Aside from holding the stall, wrapping presents and decorating the house, I decided to bake these gorgeous little red velvet cupcakes. I had never tried red velvet before, but I am always up for new things, and thought the shade of red complemented the occasion nicely. So I made a batch for my friends, cooking up a right crimson mess in my kitchen in the process - but hey, it was totally worth it.


These cupcakes are soft and, well, velvety, and the cream cheese frosting on top is light, and perfect piped into a small dollop on top, so you can still see the deep red underneath. I think the cupcakes are perfect as they are, but I had a bit of spare time on my hands, and wanted to make the cupcakes look a little more festive, so I made some fondant to mould into little Chrissy shapes! My favourite shape would have to be the snowman - he's just so damn cute!


{Original recipe (minus the fondant) adapted from 'Everything Alice', by Hannah Read-Baldrey and Christine Leech}

Have a wonderful Christmas everybody! I'll post again in the New Year!


Red Velvet Christmas Cupcakes

Makes about 20 cupcakes
Ingredients:
Cupcake:
340g self-raising flour
1 tsp baking powder
Pinch of salt
4 tbsp cocoa powder
50ml red food colouring
A dash of milk
110g unsalted butter, softened
340g caster sugar
2 eggs, beaten
2 tsp vanilla essence
250g lite sour cream
1 tsp white vinegar
1 tsp baking soda

Frosting:
110g unsalted butter, softened
240g cream cheese
340g icing sugar
2 tsp vanilla essence

Fondant (optional):
1.5 cups icing sugar
2 tbsp unsalted butter, softened
2 tbsp milk or water
Food colouring

Method:

Preheat the oven to 180 degrees celsius. Place 20 cupcake wrappers in muffin tins.

Sift the flour, baking powder and salt into a medium bowl and set aside. In a small bowl, combine the cocoa powder and food colouring. If the mixture is still dry and forms little 'pebbles', add just enough milk to make a thick, shiny paste with no lumps.

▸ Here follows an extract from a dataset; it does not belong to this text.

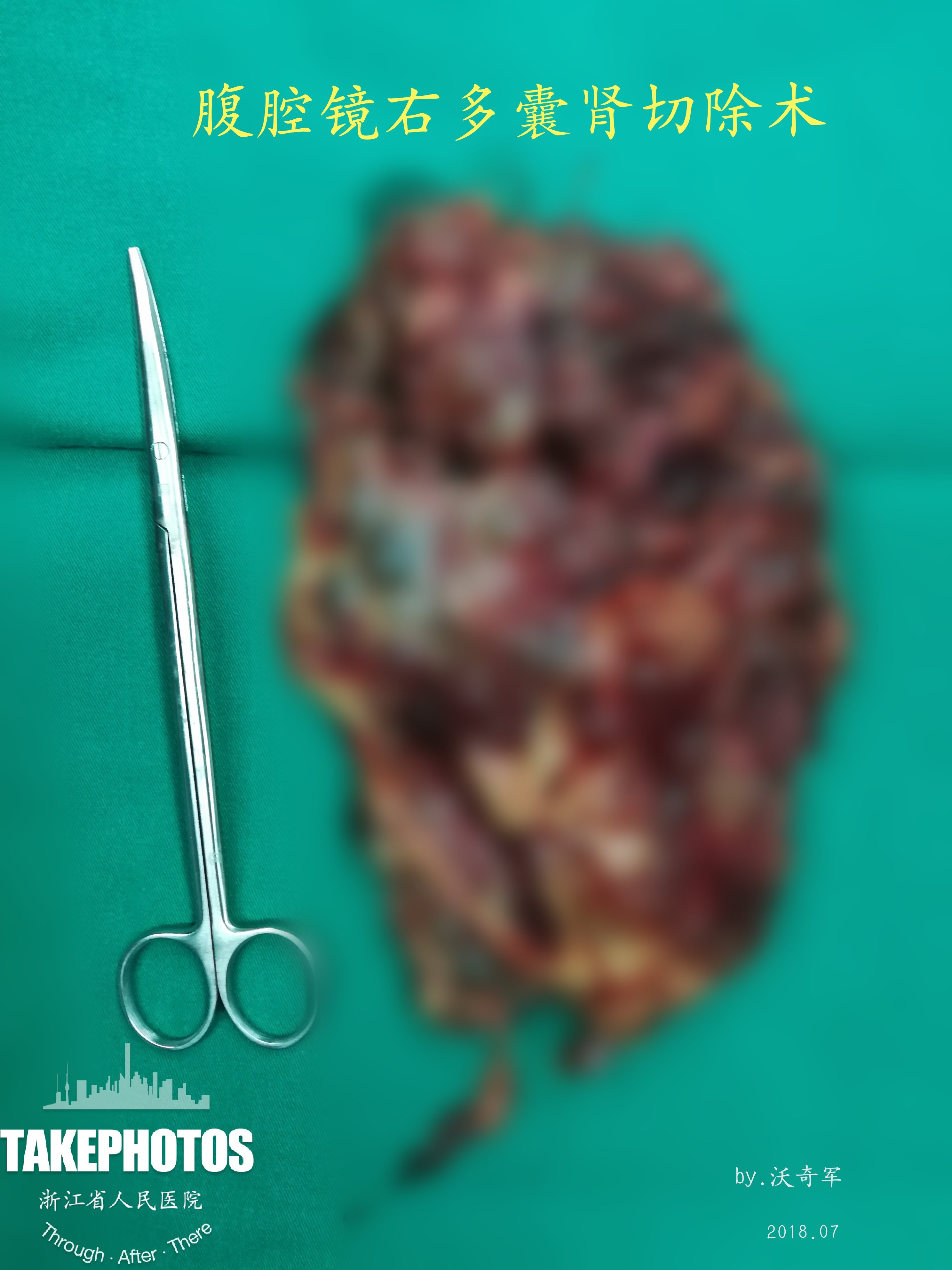 沃医生主刀手术3:腹腔镜多囊肾和脓肾切除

Cream the butter and sugar in a large bowl. When light and fluffy, add the eggs, then the cocoa paste and the vanilla essence - mix until smooth. Add the sifted flour and the sour cream, and again mix until smooth.

In a cup, mix the vinegar and baking soda - it will fizz. Add this to the cake mixture. Divide the mixture evenly between the cupcake cases, and bake for 20 minutes, until a skewer comes out clean. Allow the cakes to cool in their tins for 5 minutes, then transfer to a wire rack to cool completely.


To decorate:

Once the cakes have cooled completely, combine the butter and cream cheese and blend until smooth. Sift in the icing sugar and add the vanilla extract. Using a piping bag, or a dolloping-instument (ie. a spoon), ice the cupcakes.

To make the fondant, combine icing sugar, butter and milk/water in a large bowl and mix until a dough-like mixture forms. If the mixture is too soft and creamy, add more icing sugar until the right consistency is acheived. Knead for 1-2 minutes. Divide the fondant into bowls, and colour separately with different food colouring. Model as desired, and pop onto the top of your cupcakes!